PROVIDED DATA below:

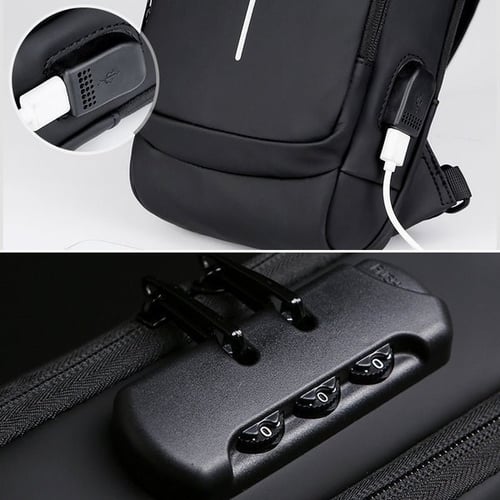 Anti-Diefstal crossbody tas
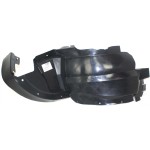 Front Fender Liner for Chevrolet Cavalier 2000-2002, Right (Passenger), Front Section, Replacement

End of PROVIDED DATA.
PROVIDED DATA below:

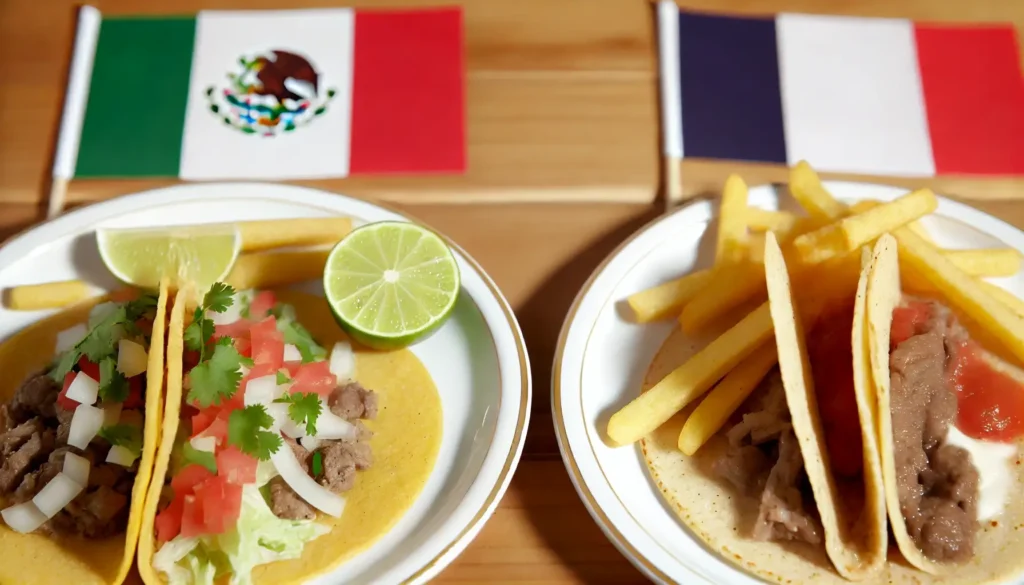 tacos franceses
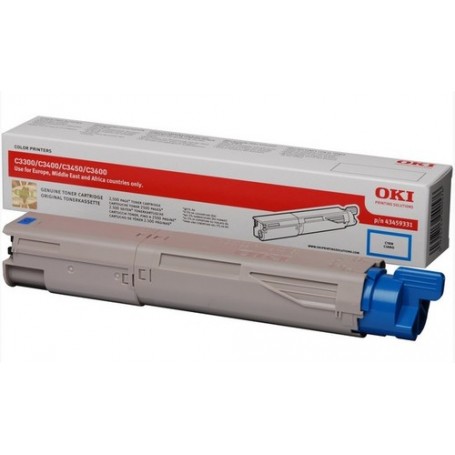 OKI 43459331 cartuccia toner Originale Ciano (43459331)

End of PROVIDED DATA.

Looking above, find the stretch of lines that opens with the one holding "Anti-Diefstal crossbody tas" and closes with the one holding "Front Fender Liner". Copy it exactly, pictures excluded.

● RESPONSE
 Anti-Diefstal crossbody tas
 Front Fender Liner for Chevrolet Cavalier 2000-2002, Right (Passenger), Front Section, Replacement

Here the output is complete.